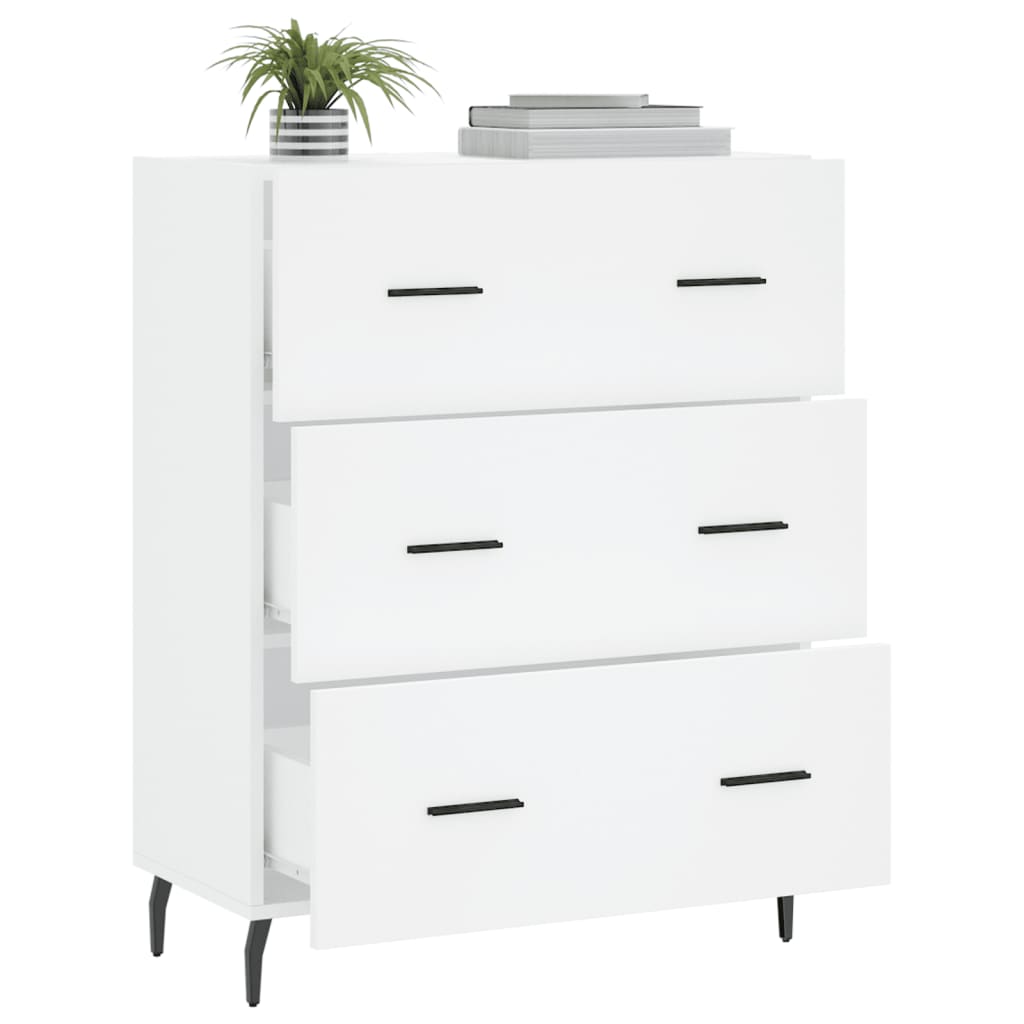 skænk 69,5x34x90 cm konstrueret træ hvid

━━━━━━━━━━━━━━━━━━━━

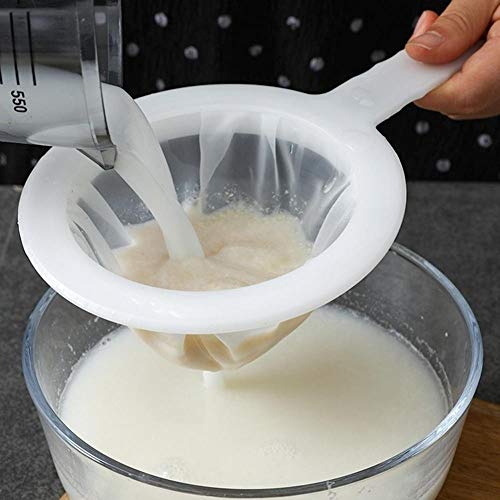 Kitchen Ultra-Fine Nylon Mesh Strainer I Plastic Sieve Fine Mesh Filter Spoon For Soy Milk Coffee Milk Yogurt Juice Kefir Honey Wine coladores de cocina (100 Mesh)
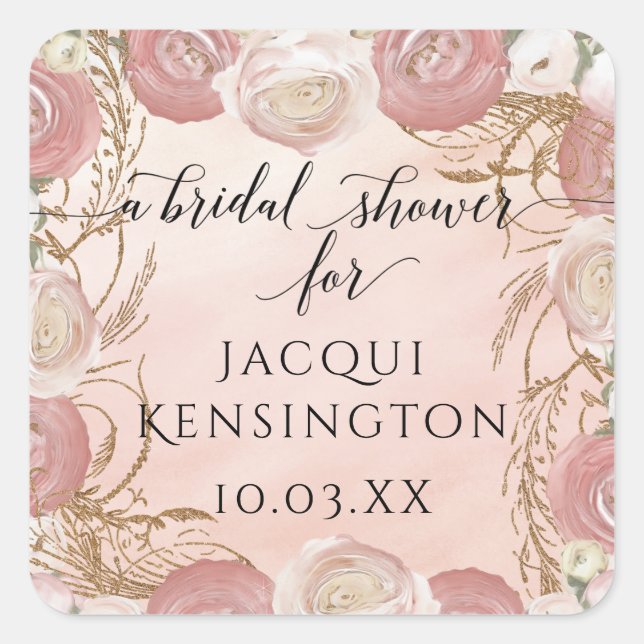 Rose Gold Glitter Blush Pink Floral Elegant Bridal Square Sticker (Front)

━━━━━━━━━━━━━━━━━━━━

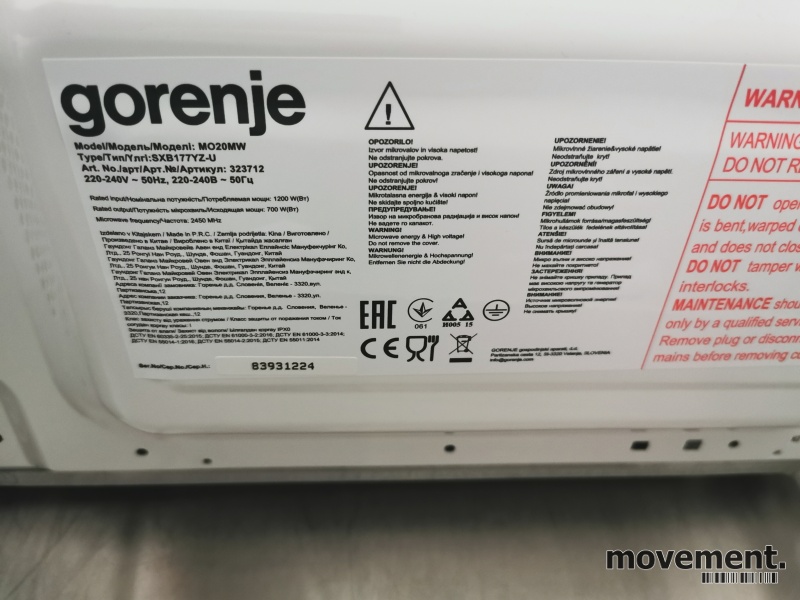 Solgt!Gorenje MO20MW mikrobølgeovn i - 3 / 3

━━━━━━━━━━━━━━━━━━━━

Starting with the line that has "Kitchen Ultra-Fine Nylon" and going on through the line that has "Rose Gold Glitter", transcribe the records above exactly, but skip the pictures.

 Kitchen Ultra-Fine Nylon Mesh Strainer I Plastic Sieve Fine Mesh Filter Spoon For Soy Milk Coffee Milk Yogurt Juice Kefir Honey Wine coladores de cocina (100 Mesh)
 Rose Gold Glitter Blush Pink Floral Elegant Bridal Square Sticker (Front)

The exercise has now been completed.